Archive for January, 2014

Jelly-bellied flag-flappers and self-appointed Wilfred Owens

January 18, 2014

Over at ‘Blood and Treasure’, Jamie Kenny declares himself disgusted by the attempts by the likes of Michael Gove to use the 1914 commemorations as an excuse for idiotic smear campaigns and jingoistic rhetoric. I agree, very strongly.

Gove’s rhetoric is based, in part, on a not-even-quarter-digested reading of recent scholarship on the war. And it’s based, in part, on Gove’s apparent need to establish himself as the resident intellectual, and possible leadership candidate, of the Tory Right. Yes, Mr Gove, why not use the death of millions of people as a career opportunity? Borrowing a splendid phrase from one of Kipling’s ‘Stalky’ stories, Jamie denounces Gove and other jingoists as ‘jelly-bellied flag-flappers’.

But then, alas, Jamie links to an article by Solomon Hughes, which is not merely stupid but genuinely contemptible. It has an awful lot in common with Gove’s anonymous smear campaign about the commemoration plans.

Hughes informs us: ‘The only way to properly reflect the feelings of those who lived through the first world war is to ignore Gove and sign up to the No Glory campaign at http://www.noglory.org.’

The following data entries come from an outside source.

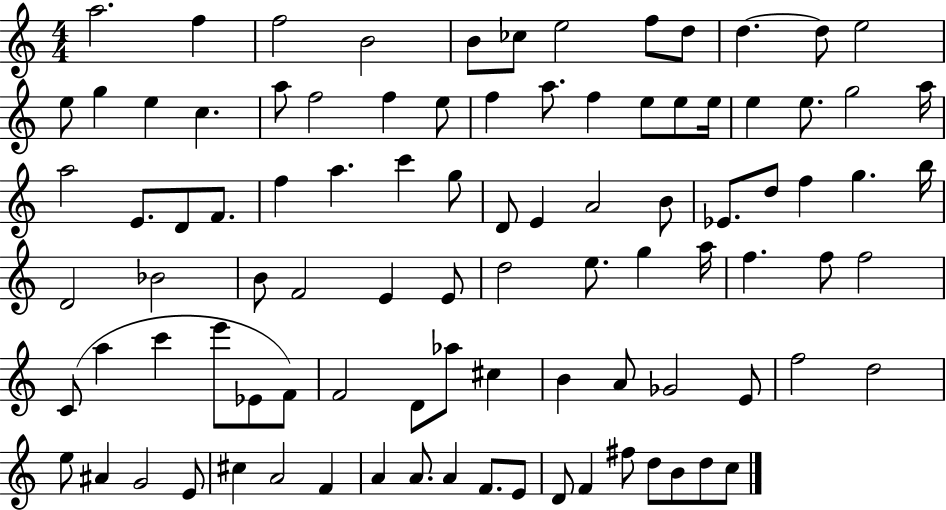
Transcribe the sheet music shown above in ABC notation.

X:1
T:Untitled
M:4/4
L:1/4
K:C
a2 f f2 B2 B/2 _c/2 e2 f/2 d/2 d d/2 e2 e/2 g e c a/2 f2 f e/2 f a/2 f e/2 e/2 e/4 e e/2 g2 a/4 a2 E/2 D/2 F/2 f a c' g/2 D/2 E A2 B/2 _E/2 d/2 f g b/4 D2 _B2 B/2 F2 E E/2 d2 e/2 g a/4 f f/2 f2 C/2 a c' e'/2 _E/2 F/2 F2 D/2 _a/2 ^c B A/2 _G2 E/2 f2 d2 e/2 ^A G2 E/2 ^c A2 F A A/2 A F/2 E/2 D/2 F ^f/2 d/2 B/2 d/2 c/2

Click on the link, and one finds that ‘noglory.org’ wants us to sign a petition already signed by a collection of luvvies and fashionistas (the late Roger Lloyd Pack, Simon Callow, Vivienne Westwood ad hoc genus) leavened by one or two genuine wankers (Tony Benn, Billy ‘Not Even Unintentionally Funny Anymore’ Bragg). And it thinks we must read a bunch of articles on the war by such towering historians as Mark Steel.

So, Solomon thinks that we don’t properly respect the sufferings of those who fought in the Great War unless we do as he bids and sign up to the dozy and ignorant rhetoric peddled by the normal collection of ‘politically aware’ minor celebrities, stand-up comics and op-ed writers?

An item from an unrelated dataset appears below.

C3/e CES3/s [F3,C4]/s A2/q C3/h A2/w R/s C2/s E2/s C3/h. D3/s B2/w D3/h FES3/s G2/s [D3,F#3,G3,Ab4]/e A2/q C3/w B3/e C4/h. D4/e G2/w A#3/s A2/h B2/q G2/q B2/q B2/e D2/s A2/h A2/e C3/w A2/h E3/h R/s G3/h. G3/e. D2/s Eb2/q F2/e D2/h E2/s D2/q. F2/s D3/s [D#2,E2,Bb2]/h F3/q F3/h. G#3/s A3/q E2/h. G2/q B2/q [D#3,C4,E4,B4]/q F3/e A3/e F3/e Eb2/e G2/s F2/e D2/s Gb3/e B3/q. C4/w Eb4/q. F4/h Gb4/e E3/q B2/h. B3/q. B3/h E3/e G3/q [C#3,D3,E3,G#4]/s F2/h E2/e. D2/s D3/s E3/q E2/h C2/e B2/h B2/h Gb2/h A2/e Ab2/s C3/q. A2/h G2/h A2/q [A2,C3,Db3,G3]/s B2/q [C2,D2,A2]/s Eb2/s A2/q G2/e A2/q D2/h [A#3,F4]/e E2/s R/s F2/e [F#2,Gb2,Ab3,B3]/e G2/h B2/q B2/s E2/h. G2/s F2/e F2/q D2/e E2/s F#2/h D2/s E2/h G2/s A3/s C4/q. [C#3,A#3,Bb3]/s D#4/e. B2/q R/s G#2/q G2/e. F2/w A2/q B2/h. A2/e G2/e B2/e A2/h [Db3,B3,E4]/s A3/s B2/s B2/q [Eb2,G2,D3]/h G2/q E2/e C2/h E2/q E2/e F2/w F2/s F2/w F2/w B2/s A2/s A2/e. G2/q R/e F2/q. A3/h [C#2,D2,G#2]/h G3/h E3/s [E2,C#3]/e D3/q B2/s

Since I have no intention of signing the ‘No Glory’ petition, I guess that I am refusing to ‘properly reflect’ on, say, my paternal grandfather, who fought on the Western Front and in Italy and who lived the rest of his life, in my father’s sad memory, as a broken man.

Thanks for the lecture, Solomon, but if you imagine you have even the slightest authority to tell me that there is only one way to ‘properly reflect’ the tragedy of the Great War, and that that way involves signing some dumb online petition got up by a bunch of geniuses who don’t seem to have read a single serious book on the war between them, then you know what you can do to yourself.

Both the grotesque, and borderline racist, Gove briefings, and the Solomon Hughes/Billy Bragg/Tony Benn/other-assorted-cretins campaign are doing the same thing. To borrow Dan Davies’s brilliant satire of some of the more exploitative reactions to 9/11, all these fools are saying is ‘Why the death of several million people in the Great War means we must support my politics’. Jelly-bellied flag-flappers are indeed revolting specimens, but then so are self-appointed Wilfred Owens.

I’ll be commemorating the Great War this year as I always do in November, by reading about it, and thinking about what I’ve learned from my reading, and hoping that I might possibly act more honestly and intelligently as a result.

But if this doesn’t appeal to anyone, you can go and sign a petition endorsed by Tony Benn and Billy Bragg. It’s the only way to properly reflect on the carnage, I hear.